Abraham obeyed the LORD and named his son “Isaac”. The laughter of unbelief had become the laughter of belief and joy. He also obeyed the LORD in circumcising Isaac on the eighth day as commanded for all males born into his household as a sign of the covenant. This sign which was made only on the foreskins of males by the shedding of their own blood is replaced in the church today by the covenant sign of baptism in which re remember the shed blood of the Lord Jesus in our own behalf and is for boys, girls, men, and women who are born into the New covenant.

Sarah’s great joy is expressed in a song of praise unto the LORD. She said that the LORD had caused her to laugh in joy, considering the circumstances. It isn’t as elaborate as the psalms of thanksgiving of either Hannah at the birth of Samuel or Mary about the coming birth of her son Jesus but it must have been just as heartfelt as either of these. It was a great reproach for a woman to be barren in the ancient Near East.

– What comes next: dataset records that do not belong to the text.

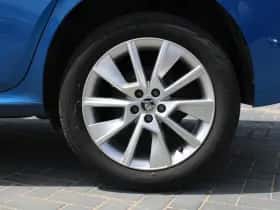 Škoda Kamiq (2023) thumbnail 6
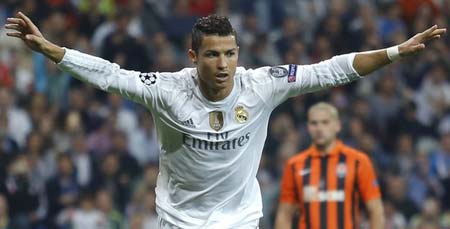  Ronaldo Hattrick, Madrid Gulung Shakhtar 4-0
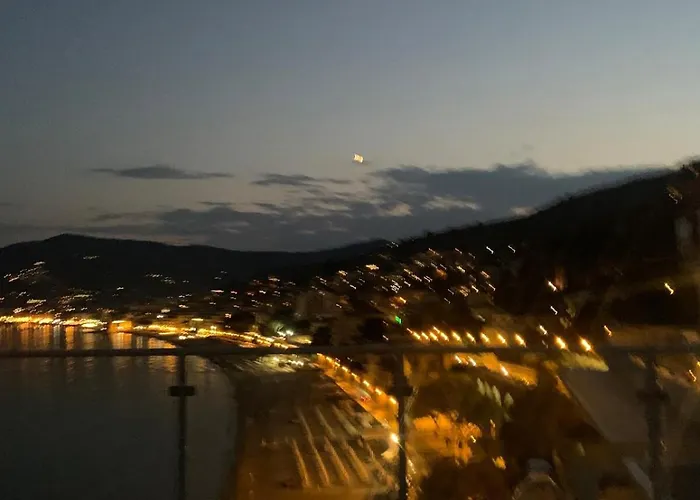 Apartament Penthouse With A Sea View In Alassio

It was seen as the curse of God. It is fascinating how the Lord has used “cursed” women throughout the Scripture. Rebekah was barren for many years until she gave birth to twins. We can think of Samson’s mother, of Ruth, of Hannah, and of Elizabeth the mother of John the Baptist as examples.

God created the world out of nothing and gave it form and purpose. In the case of these barren births, it is in a sense a repetition of creation. This miracle of the birth of Isaac to a long barren woman is in a sense then a new creation. The turning back of her clock was as is she had never grown old in the first place. It was symbolically a return to Eden. She had become a type of Eve. In return, Sarah becomes a type of God’s act of ushering in the fullness of the New Creation. The child she bore becomes a type of the one who would come from the descendants of Abraham, the true promised seed, Jesus Christ who would undo the fivefold curse and will complete the recreation at His return. This promised Jesus would be blessed with seed that will fill the earth. He has an eternal inheritance which he will joyously share with his children. As the new Adam, He has been given dominion over not just the earth but the universe. Through Him we shall have all or our relationships healed as if the effects of sin had never happened and with Him shall live eternally in that happy land. This blessed birth of Isaac is another signpost along the way of what the LORD intended to do.

The children of Israel in the wilderness approaching the Jordan would have been the first to have heard this story told from writing, although some of the material Moses used may have come from written sources. But to the readers of the Torah, the sweetness of this birth must have given courage to them. Even though the promise had been long offered, and through their unbelief delayed forty years, the time of claiming the land Promised to them as the descendants of Abraham was at hand. In a sense, they already had title to it. Soon they would cross the Jordan under Joshua whose name in Greek would be “Jesus “ and make their de jure title de facto.